To do
Go to the line in the entries below that holds "レピスミウムホーレティアナム育て方付き｜吊るす観葉植物e花屋" and repeat exactly from there through the line that holds "Oval-leaved Andromeda", inclusive.

Records for this exercise
────────────────
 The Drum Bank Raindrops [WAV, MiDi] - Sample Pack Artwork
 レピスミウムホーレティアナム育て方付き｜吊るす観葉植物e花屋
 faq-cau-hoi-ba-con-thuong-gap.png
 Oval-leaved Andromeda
────────────────
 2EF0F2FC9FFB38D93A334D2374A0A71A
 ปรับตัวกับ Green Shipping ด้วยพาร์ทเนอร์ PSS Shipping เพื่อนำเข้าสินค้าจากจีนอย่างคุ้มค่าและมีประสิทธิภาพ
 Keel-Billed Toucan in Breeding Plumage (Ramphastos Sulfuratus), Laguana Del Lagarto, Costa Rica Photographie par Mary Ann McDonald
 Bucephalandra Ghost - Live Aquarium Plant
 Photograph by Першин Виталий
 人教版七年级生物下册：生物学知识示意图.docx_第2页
────────────────
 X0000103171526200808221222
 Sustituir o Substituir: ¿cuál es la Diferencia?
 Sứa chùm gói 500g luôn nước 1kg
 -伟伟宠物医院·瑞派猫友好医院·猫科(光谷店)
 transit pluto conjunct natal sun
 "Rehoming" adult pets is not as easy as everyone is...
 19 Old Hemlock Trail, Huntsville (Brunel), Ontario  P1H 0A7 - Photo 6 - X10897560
────────────────
Task answer
 レピスミウムホーレティアナム育て方付き｜吊るす観葉植物e花屋
 faq-cau-hoi-ba-con-thuong-gap.png
 Oval-leaved Andromeda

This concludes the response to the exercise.